Tutorial Sessions by Nathan Srebro and Alexander (Sasha) Rakhlin

will be presented on Tuesday, October 3, 2017* 

Coordinated Science Laboratory Auditorium, Room B02

Registration Fee Per Session
$40 advanced registration fee (before September 18)
$50 regular registration fee (September 19-October 3)


Registration and Breakfast: 8:30-9:30 am in the lower level lobby of Coordinated Science Laboratory

Morning Tutorial 
Session begins: 9:30am-11:30am
Lunch break: 11:30am-12:30pm (Lunch will not be provided)
Session resumes: 12:30pm-1:30pm

Afternoon Tutorial 
Session begins: 2:00pm-3:30pm
Afternoon break: 3:30pm-4:00pm (Snacks and water will be provided)
Session resumes: 4:00pm-5:30pm

Conference Welcome Reception will follow from 6:00-8:00pm in 3002 Electrical and Computer Engineering Building 

Nathan Srebro will start his tutorial presentation at 9:30am-1:30pm (includes a break for lunch from 11:30am-12:30pm)

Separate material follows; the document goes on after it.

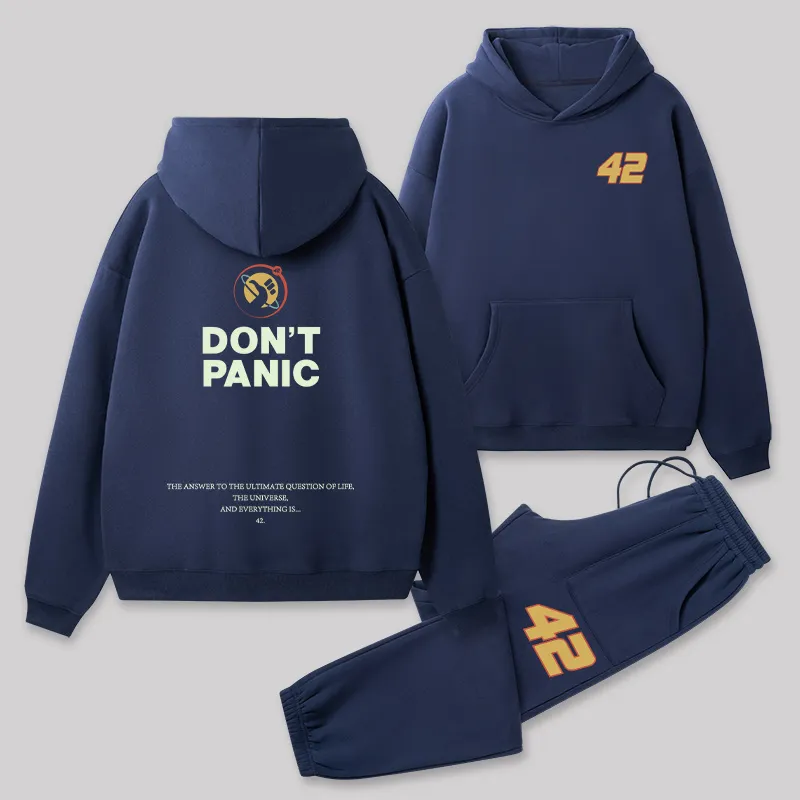 Don't Panic Front and Back Printed Geek Fleece Hoodie Set - Image 2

Title:  Learning, Optimization and the Geometry of Parameter Space

Abstract:   We will explore how learning and stochastic optimization are one and the same, and explore how optimization algorithms are biased by a choice of “geometry”, which in turn can endow implicit regularization, provide an inductive bias and aid in generalization.  We will first consider in detail the convex case, in which this connection is well understood, and study (stochastic) mirror descent as a master algorithm linking geometry, optimization and learning.  We will use stability to both motivate and analyze mirror descent, and emphasize the role of strong convexity in ensuring stability.  We will also discuss steepest descent methods and natural gradients.  We will then turn to the non-convex case, and see how implicit regularization plays a crucial, though not yet well understood, role in deep learning.

Biography: Professor Nati Srebro obtained his PhD at the Massachusetts Institute of Technology (MIT) in 2004, held a post-doctoral fellowship with the Machine Learning Group at the University of Toronto, and was a Visiting Scientist at IBM Haifa Research Labs. Since January 2006, he has been on the faculty of the Toyota Technological Institute at Chicago (TTIC) and the University of Chicago, and has also served as
the first Director of Graduate Studies at TTIC. From 2013 to 2014 he was associate professor at the Technion-Israel Institute of Technology. Prof. Srebro’s research encompasses methodological, statistical and computational aspects of Machine Learning, as well as related problems in Optimization. Some of Prof. Srebro’s significant contributions include work on learning “wider” Markov networks, pioneering work on matrix factorization and collaborative prediction, including introducing the use of the nuclear norm for machine learning and matrix reconstruction and work on fast optimization techniques for machine learning, and on the relationship between learning and optimization.


Alexander (Sasha) Rakhlin will start his tutorial presentation at 2:00pm-5:30pm (includes a 30 minute break from 3:30-4:00pm)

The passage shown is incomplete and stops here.